Lorsqu’on lui a demandé d’expliquer qui étaient les meurtriers, McDonnell a répondu : « Je pense qu’il y a eu une conséquence des décisions politiques au cours des années qui n’ont pas abordé la crise du logement que nous avons eu, qui ont réduit les budgets des collectivités, de sorte que les inspections appropriées n’ont pas été réalisées, et où 11 000 postes de pompiers ont également été éliminés, et même l’investissement dans les grandes échelles, et des choses comme ça dans notre pays. »

À la question franche de savoir si les responsables des coupes budgétaires étaient des meurtriers, il a ajouté : « Je crois que les politiciens doivent être tenus responsables. Je reste en colère pour le nombre de personnes qui ont perdu leur vie à la suite de décisions politiques prises au cours des années. »

McDonnell a subi les dénonciations des conservateurs, tandis que divers députés travaillistes se sont dissociés de ses commentaires.

Le ministre des Finances Philip Hammond a déclaré à Marr, « C’est une suggestion honteuse conforme à beaucoup d’autres choses que John McDonnell a dites au cours des années. Il n’y a pas la moindre preuve pour étayer cela. »

L’ancien chef du Parti conservateur Iain Duncan Smith a déclaré au Sun : « Il est tout à fait affligeant qu’il continue à faire cela », avant d’affirmer que cela faisait partie d’un complot ourdi par les partisans du dirigeant travailliste Jeremy Corbyn et par McDonnell, qui « cherchent la révolution. »

Emma Dent du Parti travailliste, députée nouvellement élue de Kensington, où se trouve la tour de Grenfell, a déclaré que l’accusation de meurtre social lancée de McDonnell « n’est pas une opinion que je partage ».

Jess Phillips, la coqueluche de Tony Blair de la droite travailliste a déclaré : « Les politiciens devraient choisir leurs mots prudemment sans l’intention de provoquer […] Je pense que nous devrions être très, très prudent en nous exprimant et j’ai regardé les gens, leurs faux espoirs incités par des politiciens. »

Le message commun de Phillips et Duncan Smith est : « Faites attention, n’éveillez pas les attentes publiques d’une justice bien rendue qui ne seront pas satisfaites, car cela soulève le spectre de révolution. »

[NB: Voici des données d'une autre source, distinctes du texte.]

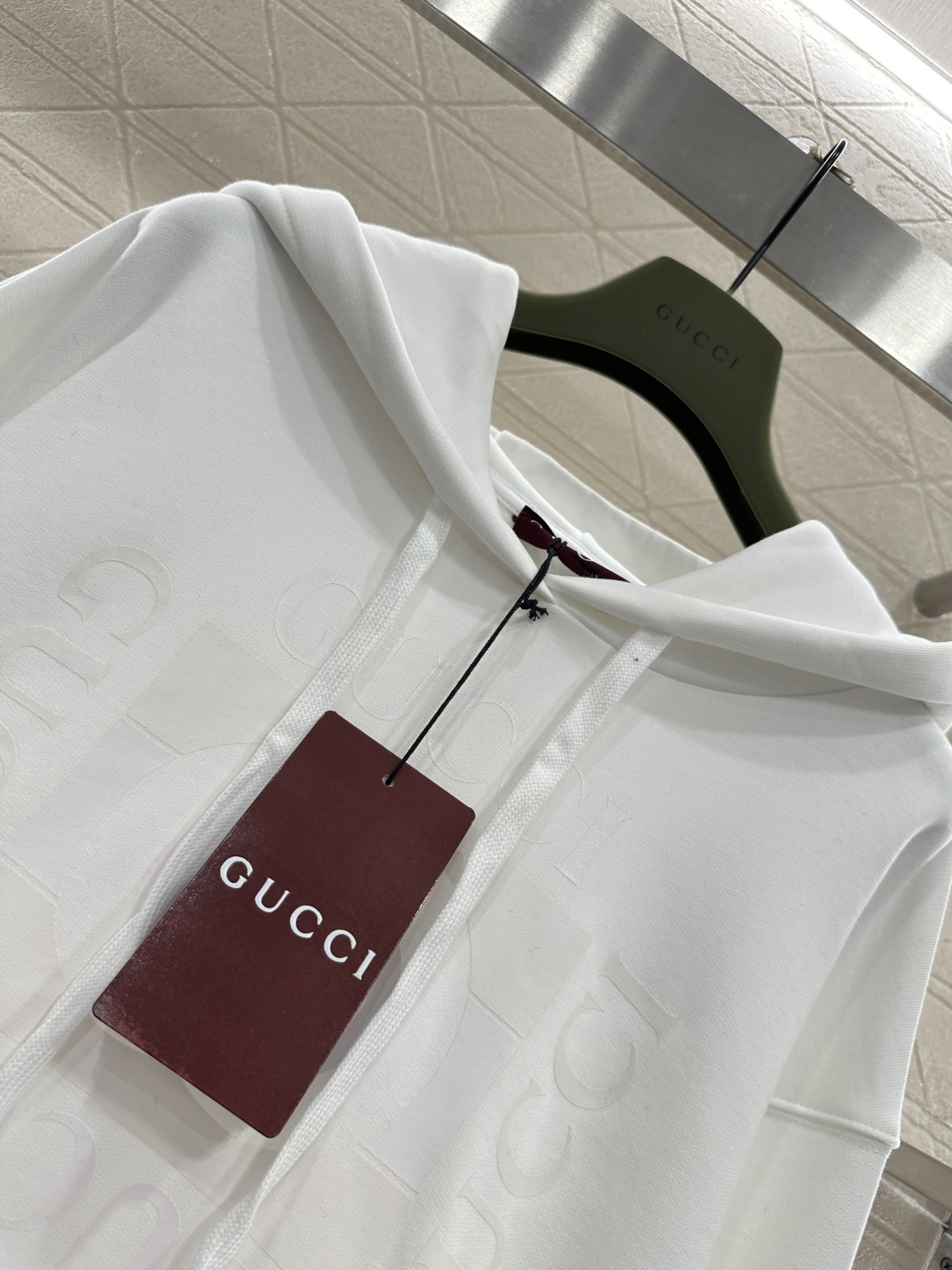 ♥Gucc*♥2026新品上架 印花徽标抽绳连帽卫衣定制YB原生克重全棉材质，还原品质，肉眼可见的高级，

Tout ce que McDonnell dit est vrai. Les morts de Grenfell sont victimes de meurtre social et les coupables sont les politiciens dont les décisions ont transformé cette grande tour et des centaines d’autres à l’échelle nationale en pièges mortels.

Mais McDonnell devrait être jugé sur ses actes, pas seulement sur ses mots.

Après avoir dit que les responsables devraient être punis, les travailleurs devraient exiger de savoir ce qu’il compte faire pour ça.

McDonnell, Corbyn et tout politicien qui prétend parler au nom de la classe ouvrière ont la responsabilité de nommer les coupables et de se battre à l’échelle nationale et au sein du parlement pour qu’ils soient traduits en justice.

Parmi ceux dont les décisions politiques ont conduit au brasier de Grenfell, il y a la direction du Parti conservateur, du passé et du présent, et celle du Parti travailliste aussi, tous ceux qui ont conjointement présidé aux privatisations sans fin et aux réductions de dépenses sociales brutales qui ont continué sans relâche depuis 1979. Parmi les coupables figurent Tony Blair, Gordon Brown, David Cameron, Theresa May et ceux qui vont probablement la remplacer, comme l’ancien maire de Londres, Boris Johnson, qui a saccagé la capacité d’intervention des pompiers de Londres.

Ce sont eux les éléments responsables de l’élimination de la législation essentielle en matière de santé et de sécurité et de la destruction des emplois non seulement des pompiers, mais aussi de million de travailleurs du secteur public depuis 2010 – qui ont transformé la Grande-Bretagne en aire de jeux pour les super-riches alors que les travailleurs étaient cantonnés dans des pièges mortels. Mais au lieu d’exiger que ces personnes et ceux qui sont les plus directement impliqués dans la tragédie de Grenfell dans le conseil municipal de Kensington et Chelsea soient convoqués pour répondre de leurs méfaits, McDonnell et Corbyn accordent un soutien crucial à l’enquête publique frauduleuse lancée par la Première ministre Theresa May.

Le document de consultation pour l’enquête indique clairement qu’il « n’entraînera pas en lui-même des poursuites pénales » et ne vise qu’à « fournir des faits et des recommandations au gouvernement et aux autres autorités ». Pour leur part, la police du Grand Londres n’a même pas placé une seule personne en garde à vue, sans parler d’une arrestation en rapport avec Grenfell.

Cependant, en réponse Corbyn s’est limité à dire que l’enquête devrait avoir un « panel ethniquement diversifié », prêtant conseil ainsi au juge Sir Martin Moore-Bick ! Parlant de la « série d’échecs systémiques pouvant s’étendre des collectivités locales au gouvernement national et au-delà » l’enquête devrait alors être menée « sur le plus long terme et d’une manière plus large » qui aiderait prétendument « à construire la confiance et à rendre justice ».

Aucune confiance ne devrait être accordée à l’enquête pourrie de Theresa May qui cherche à étouffer l’affaire, ni à la tentative des travaillistes de la rendre plus digeste. L’incendie de Grenfell est un crime de capitalisme contre la classe ouvrière. Il faut y répondre par le développement d’un mouvement politique de la classe ouvrière indépendant de tous les défenseurs politiques du système de profit.

La demande que tous les coupables de meurtre social à Grenfell dans les milieux politiques et commerciaux soient arrêtés, inculpés et jugés doit résonner partout.

Le Parti de l’égalité socialiste appelle à ce que cela soit lié à un programme socialiste élargi de demandes visant à répondre aux besoins essentiels des travailleurs en matière de logements sûrs, des emplois, une éducation et des soins de santé corrects, ce qui impliquera la réquisition immédiate de logements vides à Londres pour loger correctement les personnes sans domicile et l’inversion de toutes les réductions budgétaires pour les pompiers et autres services essentiels.

Des centaines de milliards de livres doivent être alloués pour enlever le bardage des tours d’immeuble, installer les systèmes de gicleurs et les rendre sûrs. Cela devrait faire partie d’un programme massif de travaux publics financé par la saisie des actifs des super-riches et la prise de contrôle des grandes banques et entreprises.